The Norwich Road: An East Anglian Highway
Part 12
That siege of Colchester is the most romantic incident that has survived in the history of the town. It is the story of a last desperate attempt of the Royalists to contend with the Parliamentary forces that had everywhere overwhelmed the King's supporters after a bitter warfare of over six years. It was a gallant attempt, and the more so because Essex was not a county favourable to the King's cause. Sir Charles Lucas, at the head of this enterprise, was a younger member of the Lucas family, seated at Colchester. In the beginning of June 1648, a Royalist rising under Colonel Goring had been checked at Blackheath by the Parliamentary general, Fairfax. A portion of Goring's force crossed the Thames into Essex, and lay at Brentwood. This was an opportunity which Essex sympathisers could not let slip. Lucas and his friends, gathering a body of adherents, galloped down the road to Chelmsford, where the Committee of Parliament was in session, and seized them, afterwards continuing their progress to Brentwood, where they effected a junction with Goring's band. Their forces thus united, a counter-march was made upon Chelmsford again, and continued to Colchester; Lord Capel, Sir George Lisle, and many others joining on the way.
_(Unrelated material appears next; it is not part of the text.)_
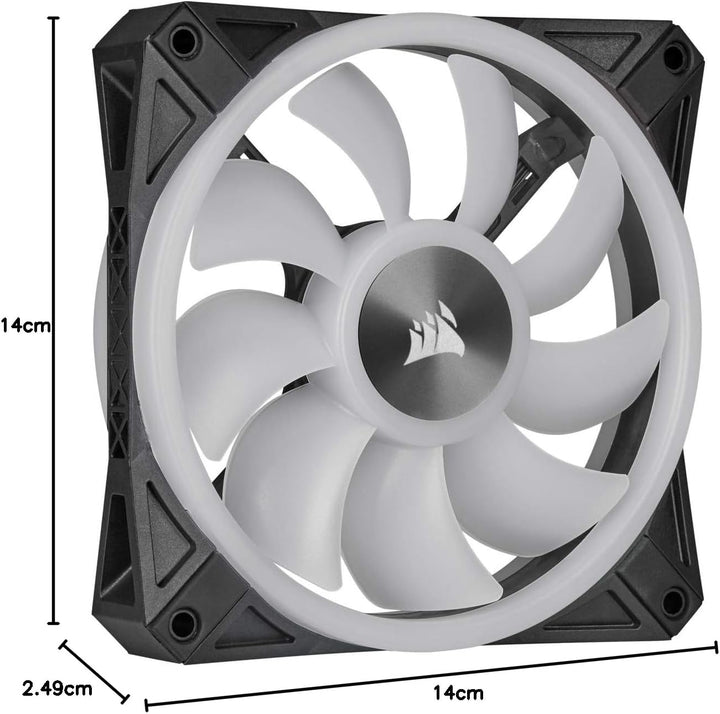 Corsair iCUE QL140 RGB, 140-mm-RGB-LED-PWM-Lüfter (68 Einzeln Ansteuerbare RGB-LEDs, Schwindigkeiten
On June 12, Goring, in command of this body of four thousand Royalists, approached Colchester, and found the Head Gate closed against him by the unsympathetic citizens, but a slight skirmish soon enabled him to force an entrance. He had not intended to remain at Colchester, but the swift pursuit that Fairfax organised from London gave the Royalists no time to continue their projected march into the Midlands. The day after Goring had entered Colchester, Fairfax had assembled his forces on Lexden Heath, and immediately sent a trumpeter to demand surrender. The inevitable refusal was the signal for a battle outside the town, on the London Road; a contest which resulted in the retirement of the Royalists within the walls. The Head Gate still existed, its bolts and bars in perfect order, but as the Royalists fell back through it into the town, two hundred or more of the Parliamentary troops dashed through in pursuit. Their ardour cost them their lives, for Lord Capel at the head of a determined band pushed back the gate upon the bulk of the enemy, thrusting his walking-stick through the staples as the door closed. The eager advance-guard, thus cooped up within the walls, were all slain.
Preparations were now made on both sides for a siege. Fairfax had already lost many men, and dared not attempt to carry the town by storm. His plan was to surround Colchester and imprison the Royalists there until such time as his heavy ordnance or starvation should compel them to surrender. With his command of reinforcements from London, and his ability thus to enclose the town with a cordon of troops, the position of the Royalists was hopeless, and it is to their honour and credit that, in order to contain Fairfax's large army and so give opportunities to the organisers of Royalist movements in the Midlands, they continued the defence in the face of starvation and despite the easy terms of capitulation at first offered them. Their domestic position (so to call it) in the town was unenviable, for the inhabitants were wholly opposed to their cause. They had with them, it is true, the members of the Parliamentary Committee whom they had kidnapped from Chelmsford, but those gentlemen were a nuisance and had to be civilly treated and fed while the Royalists themselves went hungry. The unfortunate inhabitants, too, were starving, and many of their houses and churches destroyed by the besiegers' cannon shot; while suburbs were burnt down outside the walls.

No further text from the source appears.